También en ese pequeño despacho descubrí a Rius y Quezada. La caricatura del Equipo de Comales aplicándole un triple play a los Yanquis de Nueva York siempre ha sido una de mis preferidas, junto con las historias de Eduviges una ancianita que le gustaba ir a llorar al cine y que redujo tanto su tamaño por la pérdida de liquido que se encogió y fue enterrada en una caja de cerillos, así como la historia del perro callejero Solovino que fue atropellado en el periférico.

En aquel despacho casi siempre oscuro además de los libros de mi padre, se encontraban discos LP y algunos de 45rpm que sobrevivían a los cambios tecnológicos, el único cuadro que recuerdo al interior del pequeño cuarto es una imagen del Foro Romano que aun está en la casa de mi madre.
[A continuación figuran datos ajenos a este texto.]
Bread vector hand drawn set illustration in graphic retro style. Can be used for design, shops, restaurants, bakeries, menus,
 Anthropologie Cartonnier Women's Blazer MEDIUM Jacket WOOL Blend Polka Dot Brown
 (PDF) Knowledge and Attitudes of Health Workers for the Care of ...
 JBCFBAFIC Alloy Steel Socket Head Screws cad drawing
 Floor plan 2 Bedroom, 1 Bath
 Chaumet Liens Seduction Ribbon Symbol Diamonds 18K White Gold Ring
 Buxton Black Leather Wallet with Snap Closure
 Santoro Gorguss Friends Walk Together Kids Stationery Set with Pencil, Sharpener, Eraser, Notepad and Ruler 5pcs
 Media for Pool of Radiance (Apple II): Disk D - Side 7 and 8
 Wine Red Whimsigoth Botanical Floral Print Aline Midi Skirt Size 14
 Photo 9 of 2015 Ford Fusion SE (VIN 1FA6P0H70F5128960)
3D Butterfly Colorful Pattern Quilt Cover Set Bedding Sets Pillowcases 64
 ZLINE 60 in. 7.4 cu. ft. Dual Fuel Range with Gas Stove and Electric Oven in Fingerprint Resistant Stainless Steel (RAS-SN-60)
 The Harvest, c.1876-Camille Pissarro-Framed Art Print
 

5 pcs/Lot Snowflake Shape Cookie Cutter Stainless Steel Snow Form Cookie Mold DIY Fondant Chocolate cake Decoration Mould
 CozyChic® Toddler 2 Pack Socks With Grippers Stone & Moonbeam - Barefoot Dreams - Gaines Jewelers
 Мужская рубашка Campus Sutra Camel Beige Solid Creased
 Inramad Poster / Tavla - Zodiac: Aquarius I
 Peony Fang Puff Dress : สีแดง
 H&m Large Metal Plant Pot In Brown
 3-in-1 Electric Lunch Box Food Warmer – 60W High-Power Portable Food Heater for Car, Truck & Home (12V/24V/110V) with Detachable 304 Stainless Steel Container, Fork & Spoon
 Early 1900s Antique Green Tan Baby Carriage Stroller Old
Algunos soldados napoleónicos adornaban las repisas, así como una réplica de un avión de la II Guerra Mundial y un portaviones de Lodella que mi padre armó en mis más vagos recuerdos y en una época en la que no tenía que lidiar con las demandas de atención de sus 7 vástagos.

Durante más de diez años el despacho de mi padre fue un extraño templo, frecuentado casi a diario por mí, en el que encontré libros y lecturas fundamentales entonces y voces diferentes de todo tipo, de muchos lugares y épocas, de Homero a Gustavo Sainz, Oscar Wilde, Mariano Azuela, Mauricio Magdaleno y aunque el descubrimiento del placer de la lectura se lo debo a mi abuelo paterno, fue ese pequeño despacho el que afianzo mi vicio y curiosidad por la lectura.